The Last Witch Hunter
|Budget: $80 million (estimated)||Financed by: Lionsgate|
|Domestic Gross: $27,367,660||Domestic Distributor: Lionsgate|
|Overseas Gross: $119,569,250||
Directed by: Breck Eisner
Produced by: Mark Canton
The Last Witch Hunter is another failed attempt by Lionsgate to spawn a series after Mortdecai, American Ultra and Child 44 were all groomed by Lionsgate to be their next big franchise in 2015. Lionsgate wisely mitigates their risk on expensive projects by pre-selling the film to overseas distributors and their financial model usually leaves them on the line for around $13 million of the production costs — plus the ever growing expense of domestic marketing, which usually runs north of $30 million. Back in March 2014, Lakeshore Entertainment boarded the film as co-financier with Lionsgate, but Lakeshore quietly left the project, so it is unknown if Lionsgate is shouldering more of the budget than they usually do on big budget fare. The Last Witch Hunter cost an estimated $80 million and Lionsgate dated the pic for October 23, against a glut of wide openers — Paranormal Activity: The Ghost Dimension, Rock The Kasbah, Jem and The Holograms and the wide expansion of Steve Jobs.
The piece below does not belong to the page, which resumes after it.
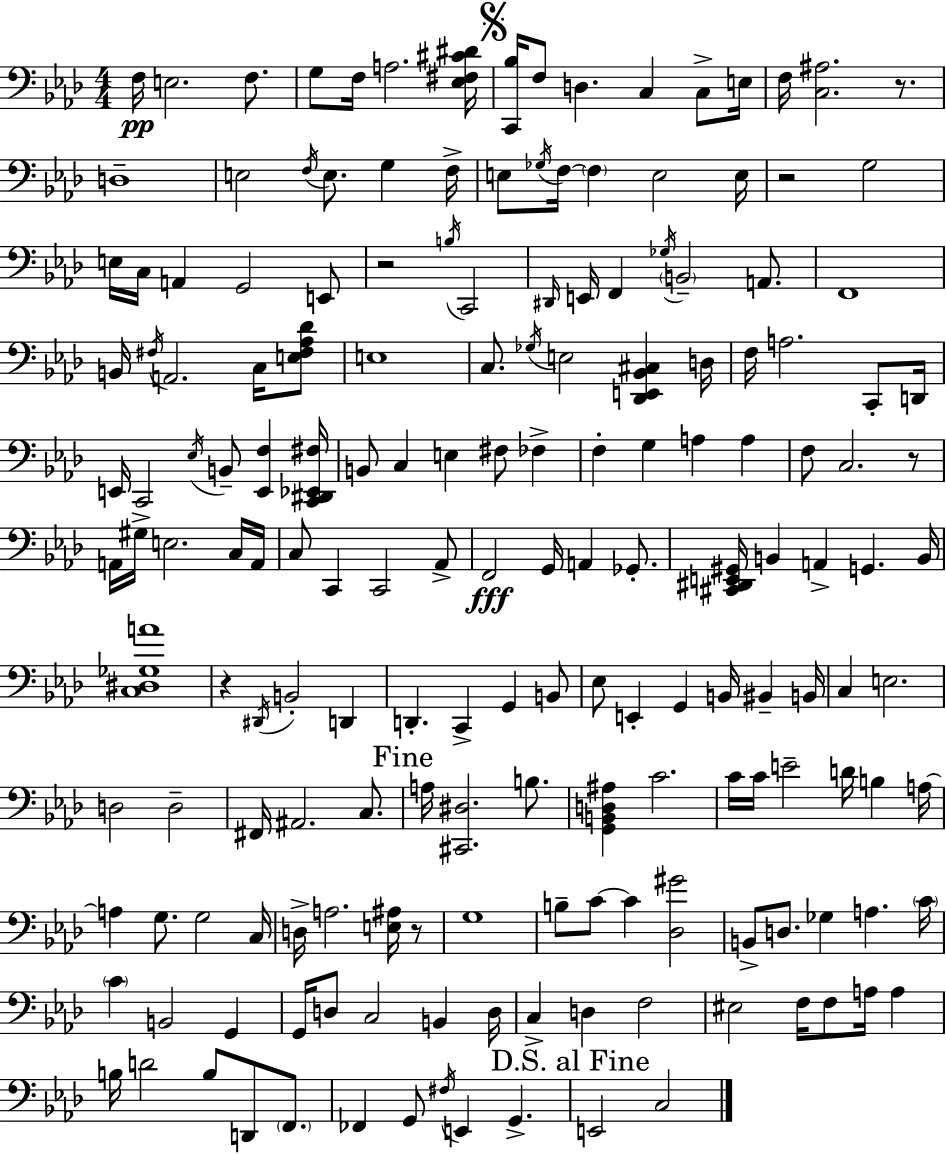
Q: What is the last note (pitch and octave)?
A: C3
The Last Witch Hunter was tracking for an opening between $15 – $19 million, but came in below expectations with a poor $10,812,861 — placing #4 for the weekend led by The Martian in its fourth frame. It fell 52.3% to $5,162,398 in its second weekend and saw a 49.7% third frame decline to $2,598,464. The domestic run ended with $27,367,660. Lionsgate would see returned about $15 million after theaters take their percentage of the gross and took a write-down of $7.2 million on the film.
The Last Witch Hunter fared slightly better in a few overseas markets, pulling in $119.5 million across many distributors, with China posting the highest numbers at $27.4 million.